6. The Boy Scouts are encouraging girls to participate and reach Eagle Scout status.

The Boy Scouts of America recently announced that starting in 2018 girls will be allowed into the organization and that there will be programs for older girls to earn the rank of Eagle Scout. Now girls will have the option to participate in another program and achieve the highest honor in scouting.


7. Pink's incredible VMA speech on teaching her daughter about confidence.

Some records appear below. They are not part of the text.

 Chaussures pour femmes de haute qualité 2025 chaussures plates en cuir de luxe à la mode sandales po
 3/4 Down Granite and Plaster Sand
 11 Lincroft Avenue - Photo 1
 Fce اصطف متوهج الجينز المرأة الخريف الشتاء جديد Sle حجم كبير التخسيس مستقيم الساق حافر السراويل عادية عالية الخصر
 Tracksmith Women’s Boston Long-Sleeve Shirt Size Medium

While accepting a lifetime achievement award at the Video Music Awards this year, Pink told a powerful story about her 6-year-old daughter being bullied at school for her appearance. Other children were teasing her by saying that she looked like a boy. Pink responded by explaining that she is also often made fun of for her looks and how she refuses to change her appearance. "Baby girl, we don't change. We take the gravel in the shell and we make a pearl. And we help other people to change so that they can see more kinds of beauty."

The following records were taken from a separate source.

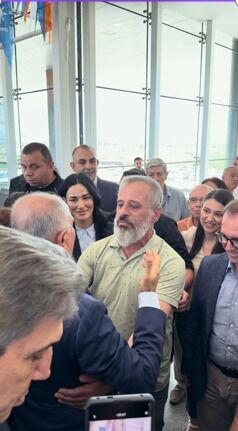 AK Parti Genel Başkan Vekili Ala’ya Aydın’da hemşehrisinden sıcak karşılama 
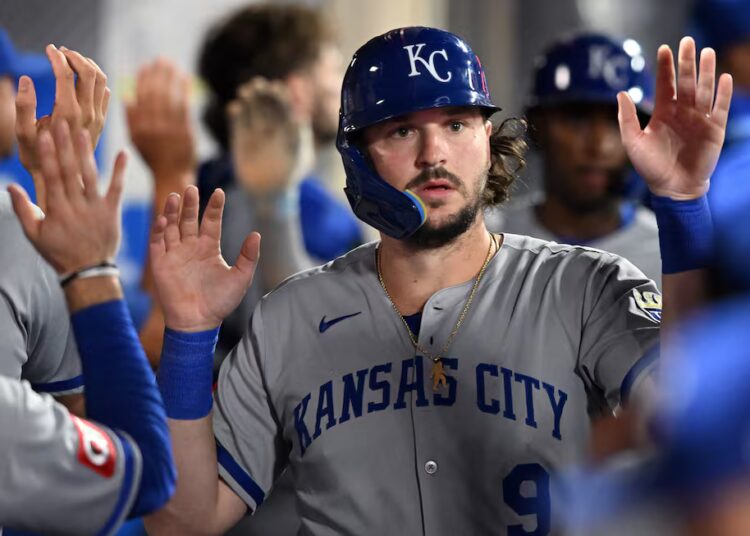 Kansas City Royals Vinnie Pasquantino (9) comemora no banco de reservas depois de marcar uma corrida contra ...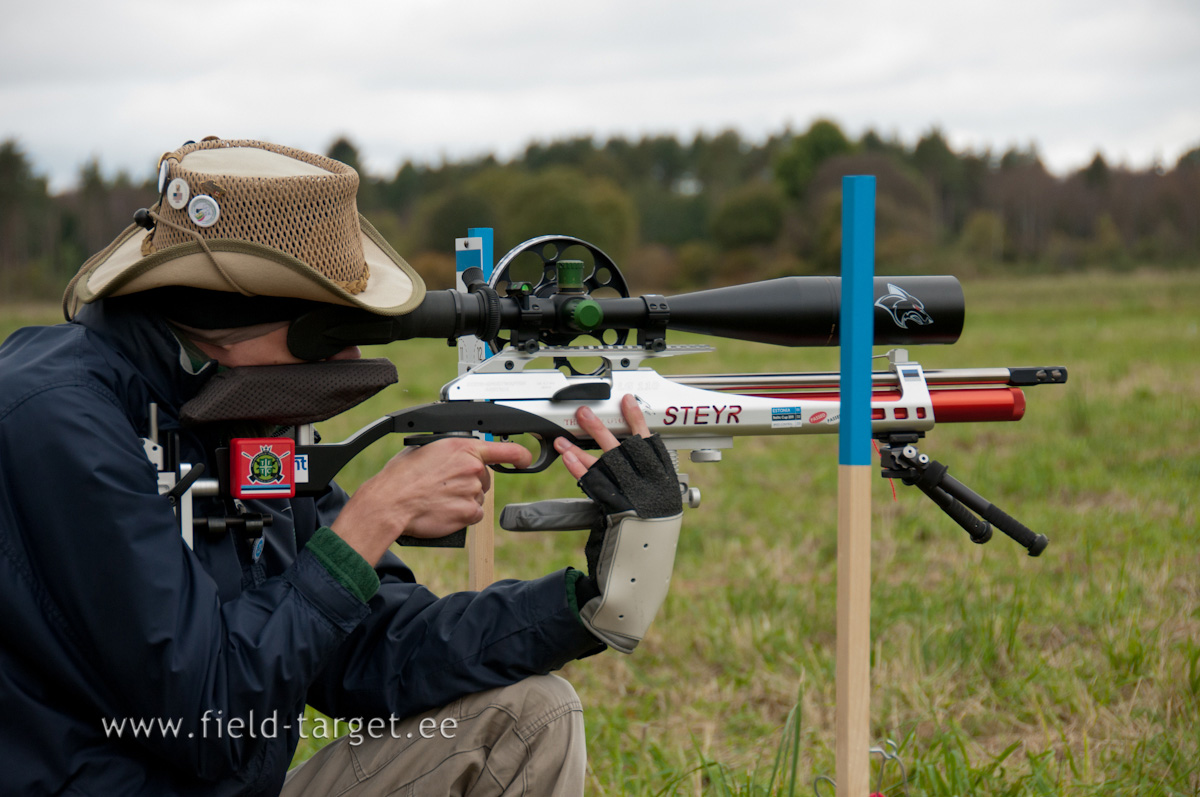 0138   Romi saab ka uhele pihta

8. Little girls are launching philanthropic efforts to change their community—and the world.

After all of the devastating natural disasters of this past year, it was heartwarming to see so many volunteers and supply donors stepping up, including incredible girls like Brooklyn Murray from New Hampshire who started a book drive and Brianne Martinez from Georgia who donated 167 pairs of shoes. Seeing that girls can make a difference is sure to motivate others to try.


9. Malala Yousafzai is starting college—five years after being shot for trying to go to school.

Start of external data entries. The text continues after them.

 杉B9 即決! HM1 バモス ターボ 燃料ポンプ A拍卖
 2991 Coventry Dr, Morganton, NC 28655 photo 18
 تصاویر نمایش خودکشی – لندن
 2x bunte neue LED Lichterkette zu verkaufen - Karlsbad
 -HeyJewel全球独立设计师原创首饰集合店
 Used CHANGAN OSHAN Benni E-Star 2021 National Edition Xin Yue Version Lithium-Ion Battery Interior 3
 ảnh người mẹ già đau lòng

There is no shortage of strong leaders using their voices to better the world, like Malala Yousafzai who continues to advocate for women's rights around the world.


10. This book was released this year and became a bestseller.

Photographer Kate T. Parker's new book, Strong is the New Pretty, aims to show girls that their own strength is the most important attribute they can have. The collection of photographs of real girls ended up becoming a top 10 best-seller in the "Photographers" e-book category and "Children & Youth Sports" book categories on Amazon.